The strange similarity between La Buse's treasure and Bernardin Nagéon de L'Estang's treasure
The last owner of the Indian Ocean's treasure that look like La Buse's treasure is the pirate Bernardin Nagéon de L'Estang,
also known as Butin (Booty), who was the son of a navy officer of the Indies Company.
In his will, the pirate Bernardin wrote an excerpt from his life. He enrolled and defended his country. He knew that he would probably be killed.
That is why he wrote this will for his nephew Jean Marius Nagéon de l'Estang who was an officer of the reserve which consists
of half a land around the river La Chaux au Grand-Port, Island of France (île de France), and treasures saved from the Indus!
=> Note from the author of the website: I don't cite on this website the whole will which is quite long.

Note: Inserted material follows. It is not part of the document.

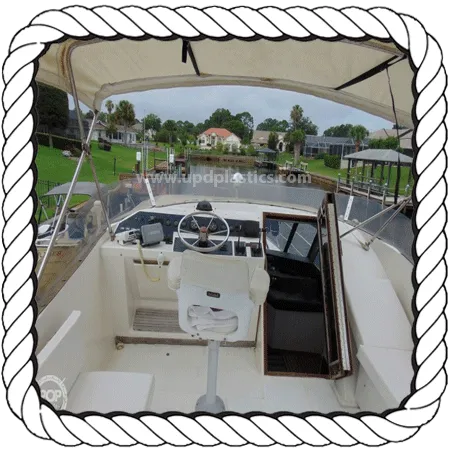 Bayliner 1983-1993 4588 Pilot House Motoryacht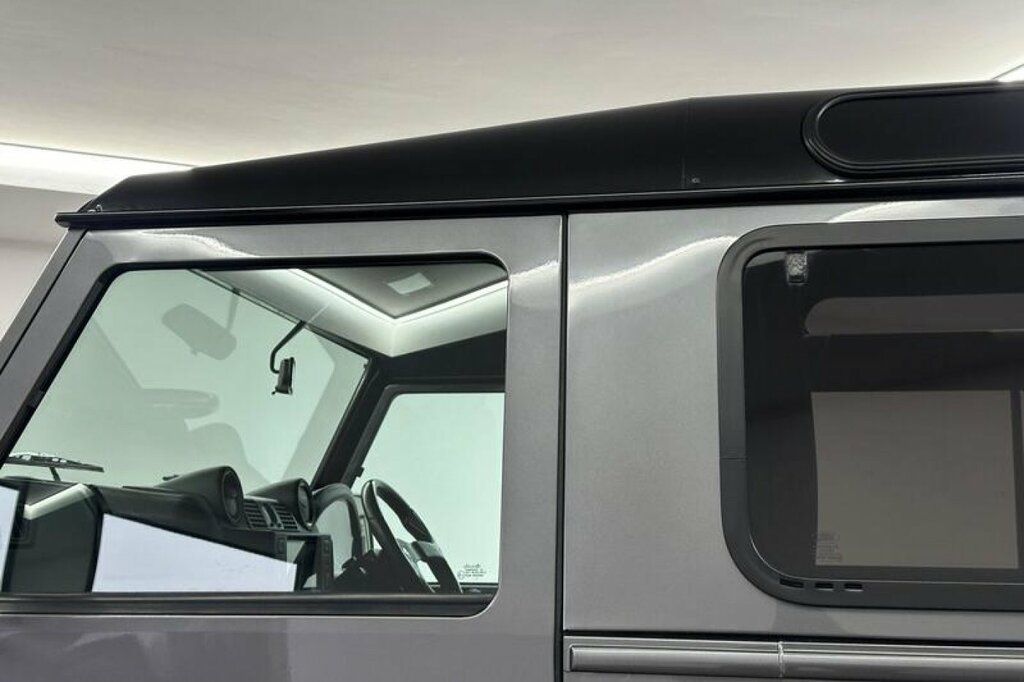 Land Rover Defender 90 Urban Truck ND65OZL Grey #4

But a lot of information described in this will is strangely similar to the indications given in La Buse's cryptogram!
The similarities are:
- in the locations and the fact that researchers closely link Bernardin and La Buse
- in the riddles
- in the encrypted documents and engravings on the stones, the reminder states the initials S.B.N. or B.N. as well as the letters Ghe
- in the words ring (organeau), turtle, eye
- in the Masonic symbolism.
A lot of coincidence!
It is also possible that in order to deepen the mystery the researchers knowingly forged or falsified the clutter of documents.
Butin has four treasures! Two have been identified, one has been discovered.
The treasures might be at these locations:
- in the island of France (Mauritius) in Belmont in the north of the island in a cave of the river La Chaux near Mahébourg, at the
tip of Vacoas.
- in the Rodrigues island (more doubtful!).
These treasures are locked in caves marked by the initials B.N. engraved in the rock.
And finally, one of the four treasures has been found in 1916 in Pamba Island near Zanzibar. This treasure was Butin Nagéon's as
it was marked with the initials B.N.!
But couldn't the treasure of the Virgin of the Cape pillage by La Buse be in Sainte-Marie Island, where the pirate used to live and
where he could have closely guarded the treasure estimated at 4.5 billion Euros?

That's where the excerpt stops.